Most of the services make no charge above what customers pay for the Internet connection. But you are likely to tend up spending time chatting to the bank's help desk. Some are on free phone numbers and some make you pay for a national rate call rather than the local rate for your Internet connection. Yet others, including the Smile technical help line, are premium rate numbers and you will be charged 50p per minute.

More Net banking services are on the way. Halifax is on the Internet but planning its discrete brand, developed under the working title of greenfield.co. Tesco has plans for a full-service online bank.
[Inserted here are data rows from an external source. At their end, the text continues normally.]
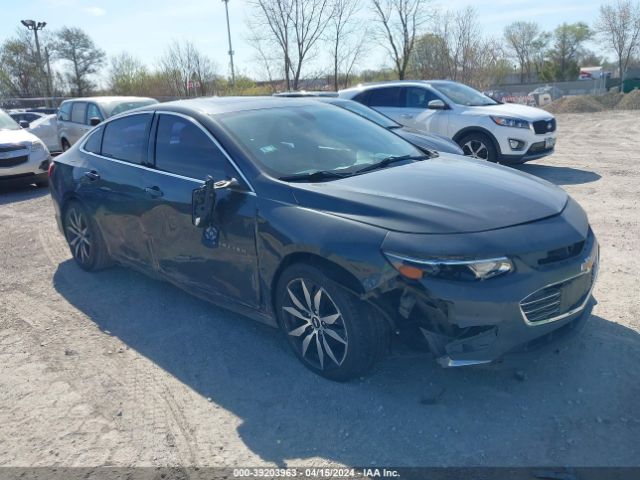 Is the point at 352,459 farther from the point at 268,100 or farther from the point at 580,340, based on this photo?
the point at 268,100

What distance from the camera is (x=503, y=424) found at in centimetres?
301

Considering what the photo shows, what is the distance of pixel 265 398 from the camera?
134 inches

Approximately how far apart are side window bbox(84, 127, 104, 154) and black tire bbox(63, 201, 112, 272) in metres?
0.55

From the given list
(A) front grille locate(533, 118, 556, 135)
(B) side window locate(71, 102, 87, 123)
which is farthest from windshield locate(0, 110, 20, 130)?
(A) front grille locate(533, 118, 556, 135)

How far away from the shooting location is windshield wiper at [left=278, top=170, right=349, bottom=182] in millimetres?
3706

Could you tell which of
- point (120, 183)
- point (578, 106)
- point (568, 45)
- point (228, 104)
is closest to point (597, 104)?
point (578, 106)

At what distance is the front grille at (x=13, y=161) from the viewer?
10.6 m

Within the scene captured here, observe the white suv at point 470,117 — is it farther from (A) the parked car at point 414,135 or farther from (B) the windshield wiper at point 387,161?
(B) the windshield wiper at point 387,161

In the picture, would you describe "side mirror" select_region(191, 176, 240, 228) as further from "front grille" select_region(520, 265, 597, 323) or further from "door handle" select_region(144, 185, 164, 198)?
"front grille" select_region(520, 265, 597, 323)

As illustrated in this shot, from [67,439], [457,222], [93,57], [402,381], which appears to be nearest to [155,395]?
[67,439]

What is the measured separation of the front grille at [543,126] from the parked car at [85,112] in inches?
306

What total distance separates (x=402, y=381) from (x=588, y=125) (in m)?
18.0

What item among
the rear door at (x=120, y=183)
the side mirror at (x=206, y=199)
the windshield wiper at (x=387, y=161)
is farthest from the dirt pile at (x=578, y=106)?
the side mirror at (x=206, y=199)

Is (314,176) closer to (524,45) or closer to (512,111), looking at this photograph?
(512,111)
Abbey National is working on two Internet banking services, one of which has the working title Aquarius and will not feature Abbey National branding.

Even no-frills airline easyJet, which has a chain of Internet cafes, easyEverything, says it plans an Internet bank next year. The entry cost into the banking market is now minimal, a website replacing a chain of high street locations.

And foreign institutions also have designs on our accounts. Sweden's Svenska Handelsbanken will be on the Internet looking for UK customers early next year, as will Australia's AMP, using its UK-base Pearl brand, in the second quarter.

Indeed, the best available interest rate for savers is offered by first- e, the pan-European online offshoot of the French institution Banque d'Escompte, which is paying 6.51 per cent gross. UK taxpayers face the minor annoyance of having to pay tax due on the interest after the end of the financial year.

But the Internet is not the only way banking will come into your home. HSBC has unveiled its TV banking service via digital satellite television. Abbey National and Barclays will have similar services within a couple of months.